O reforço de infraestruturas e de recursos humanos, a criação de um modelo centralizado de financiamento e de uma rede nacional de referenciação, bem como o investimento na geração de evidência e o incremento de apoios aos doentes e cuidadores são as prioridades identificadas pelos peritos envolvidos na iniciativa SHARP.
Henrique Lopes, Diretor do NCGH, sublinha a importância deste relatório como “uma ponte entre a inovação científica e a decisão política”, crucial para a adoção sustentável e equitativa destas terapias. O desafio, acrescenta, é “transformar as recomendações em decisões que façam a diferença na vida dos doentes e na capacidade de resposta do sistema de saúde”.
Este trabalho reuniu os principais stakeholders do ecossistema da saúde, incluindo profissionais de saúde, investigadores, decisores políticos e executivos, bem como doentes, associações de doentes, e cuidadores, com o objetivo de definir uma estratégia coordenada e sustentável para garantir um acesso equitativo e atempado a este tratamento inovador.
As terapias celulares, como as CAR-T, representam um avanço significativo, na medida em que podem ser uma resposta para os doentes com cancros hematológicos que não respondem aos tratamentos convencionais.
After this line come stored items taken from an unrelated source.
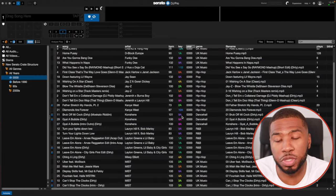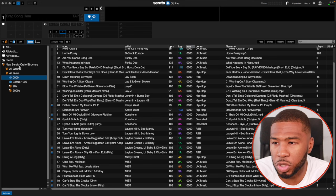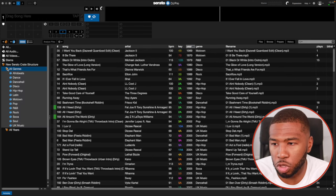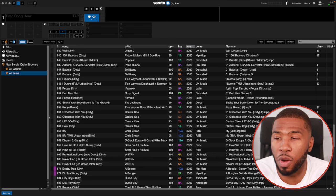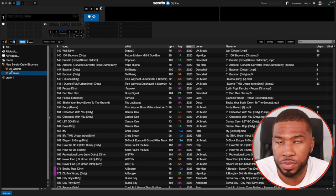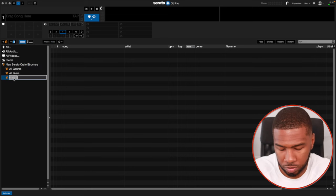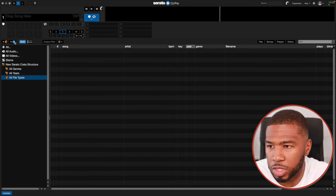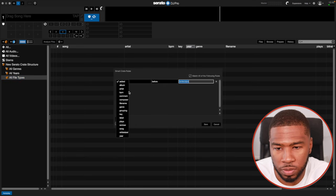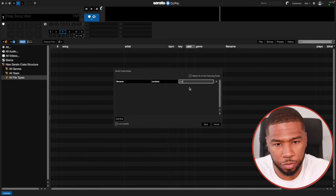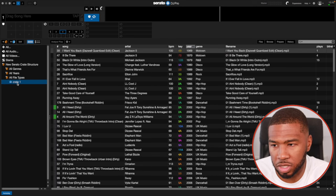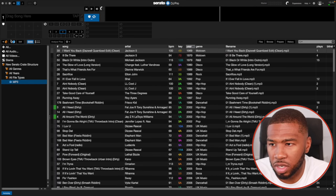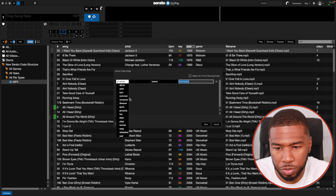So now what we have is our new Serato crate structure — all our genres here and all our years here. Next up, I like creating smart crates for all the file types. So I'll go into here, create 'All File Types,' then create a smart crate and add rule: file name contains '.mp3.' Click save and drag this in — so these will be all my MP3s.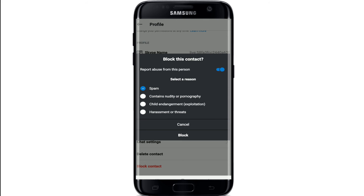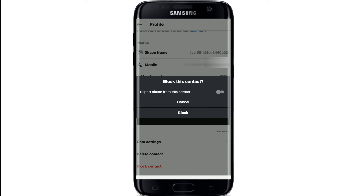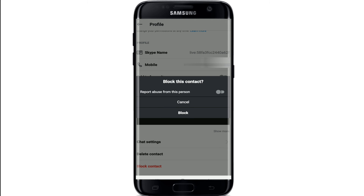To report abuse from this person, enable the button and select a reason. If you simply want to block the person without reporting, then tap on 'Block'. And that is how you can block a contact on Skype.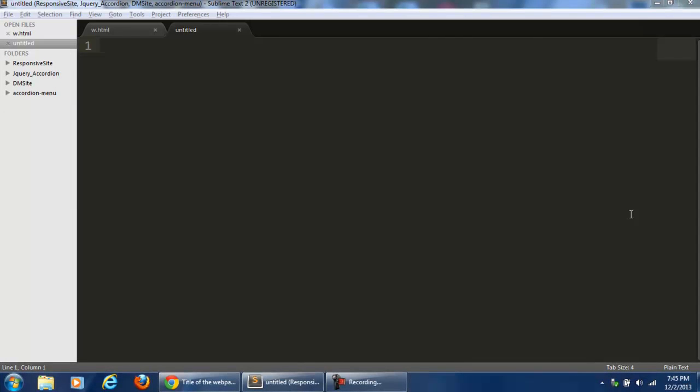Hello friends, I am SirFrost from MyComfortPlanet.com and today I am going to show you how you can create a simple code snippet in Sublime Text Editor.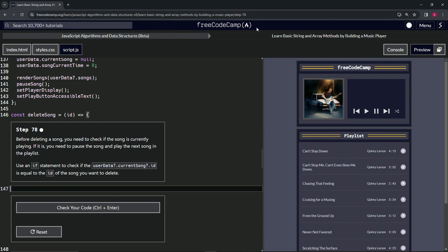Now we're doing FreeCodeCamp JavaScript algorithms and data structures beta, learn basic string and array methods by building a music player, step 78.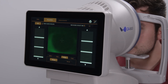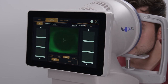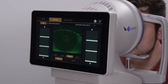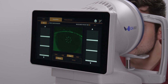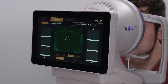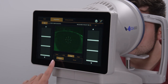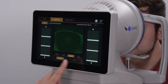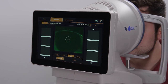Position the patient and instruct them to look at the target in the center. Use the joystick to move the CA800 towards the patient until the eye is clearly in focus. If you would like to take a picture, click on picture. If you would like to take a movie, click on movie. Press the joystick button to capture the image or to begin capturing the video.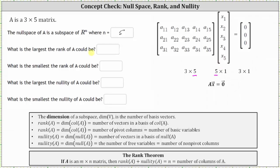What is the largest the rank of A could be? The rank of A is equal to the dimension of the column space of A, which equals the number of pivot columns. So the largest the rank of A could be is the most number of pivot columns we can have. We do have five columns, but they all can't be pivot columns. For example, if we had pivots in row one column one, row two column two, and row three column three, we could not have any more pivots. This gives us a maximum of three pivot columns. The largest the rank of A could be is three.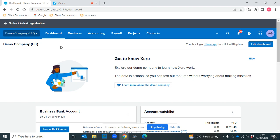Hi and thanks for joining me on this video where we're going to look at a fantastic new reporting feature that Xero have recently added.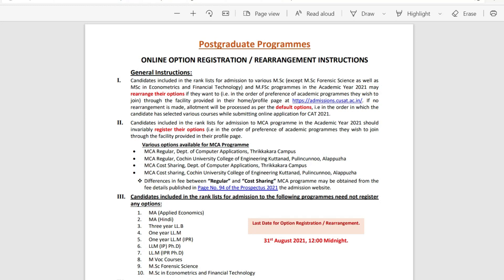I will be providing admission details. Candidates included in the rank list for admission to various MSC programs — except MSC Forensic Science, MSC Econometrics, and Financial Technology — these three courses will be included separately. There are a lot of options available.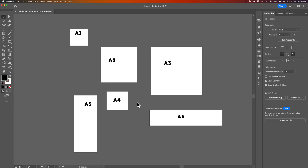In this Illustrator tutorial, let's take a look at how to rearrange artboards. I have a bunch of artboards of all kinds of different sizes, and they all have a piece of text on them just to show you how you can move artwork with artboards.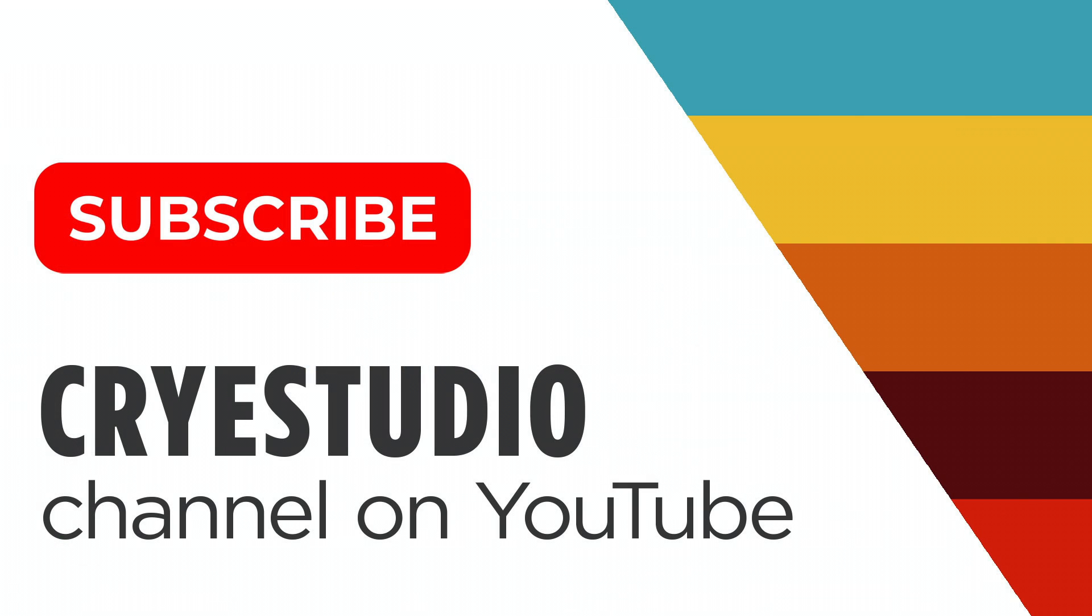Subscribe to our channel for more tips and tricks on Photoshop, InDesign, and Illustrator. Thanks so much.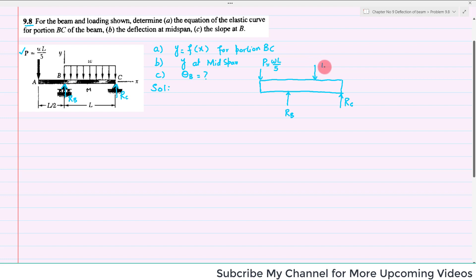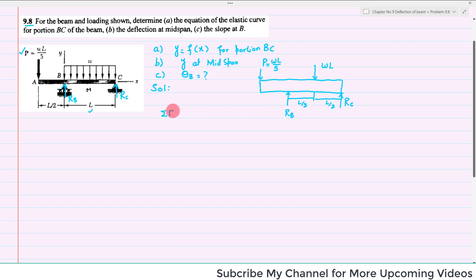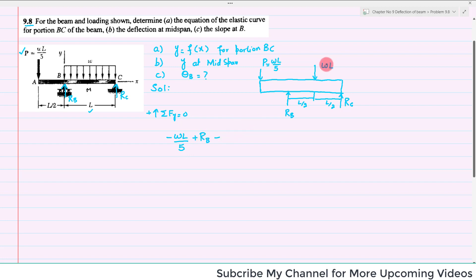From B to C there is a uniformly distributed load W. Converting it to a concentrated load, it will be W times total length L, acting at L/2 from B. Applying equilibrium: the sum of all forces in the y-direction equals zero. There is a force −WL/5 acting downward, RB acting upward, minus the force W·L, plus RC equals zero.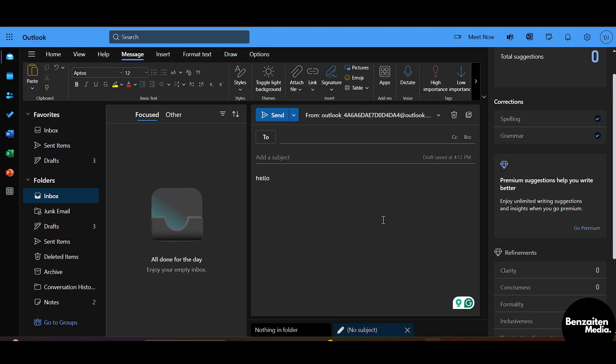You can just click here on the Editor and you can edit your text which is underlined on the right. So this is how you can do spell check in the new Outlook email.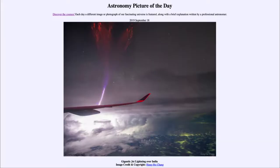Greetings and welcome to the introduction to astronomy. One of the things that I like to do in each of my introductory astronomy classes is to begin the class with the Astronomy Picture of the Day from the NASA website — that is apod.nasa.gov/apod — and today's picture for September the 18th of 2019 is titled 'Gigantic Jet Lightning Over India.'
Recorde-se que a terapia com células CAR-T (Chimeric Antigen Receptor T-cell therapy) consiste numa imunoterapia personalizada, na qual os linfócitos T do próprio doente são geneticamente modificados para reconhecer e eliminar células cancerígenas. Apesar da sua eficácia clínica comprovada, o acesso a este tratamento em Portugal ainda enfrenta desafios significativos.
Como alerta Maria Gomes da Silva, médica hematologista do IPO de Lisboa e membro do Steering Committee (SC) da iniciativa SHARP, “apenas um número limitado dos doentes com indicação potencial para terapia com células CAR-T tem acesso a ela”. Para a especialista, é fundamental “tornar mais claros, homogéneos e eficazes os percursos dos doentes candidatos”.
Também Fernando Leal da Costa, também médico hematologista do IPO de Lisboa e membro do SC, reforça a necessidade de “definição da distribuição territorial dos centros de referência para tratamentos com células CAR e a organização dos fluxos de doentes”.
Para superar estes entraves, a iniciativa SHARP apresenta cinco eixos estratégicos de ação:
1-Investir na capacitação dos profissionais e dos serviços de saúde, garantindo a alocação dos recursos necessários
Criar equipas dedicadas às terapias celulares.
Agilizar o acesso a meios complementares de diagnóstico e terapêutica.
2-Criar um programa vertical de financiamento centralizado
Garantir financiamento uniforme e sustentável para os centros de tratamento.Negociar o preço da terapia, tornando-a mais acessível e equitativa.
3-Desenvolver uma rede nacional de referenciação para terapias celulares e uniformizar os critérios de elegibilidade para tratamento
Harmonizar os critérios e o processo de referenciação e tratamento.
Criar uma rede integrada de centros de tratamento.
4-Assegurar o suporte socioeconómico, logístico e formativo necessário ao paciente, seu cuidador e família
Estabelecer redes de apoio comunitário ao longo da jornada de tratamento.
Criar uma resposta social formal perante a inexistência ou incapacidade do cuidador.
5-Robustecer a capacidade de gerar e divulgar evidência de mundo real na área das terapias celulares
Criar um Registo Nacional de Terapias Celulares.
Desenvolver estudos com evidência do mundo real.
O relatório foi apresentado no dia 8 de julho, no evento “Rumo à Inovação: Caminhos para Expandir o Acesso às Terapias Celulares”, na Assembleia da República, em Lisboa. Conheça aqui a versão resumida do relatório.
A Iniciativa SHARP é coordenada pelo NOVA Center for Global Health (NCGH), unidade de investigação da NOVA Information Management School (NOVAIMS), com o apoio da Kite, uma empresa da Gilead Sciences.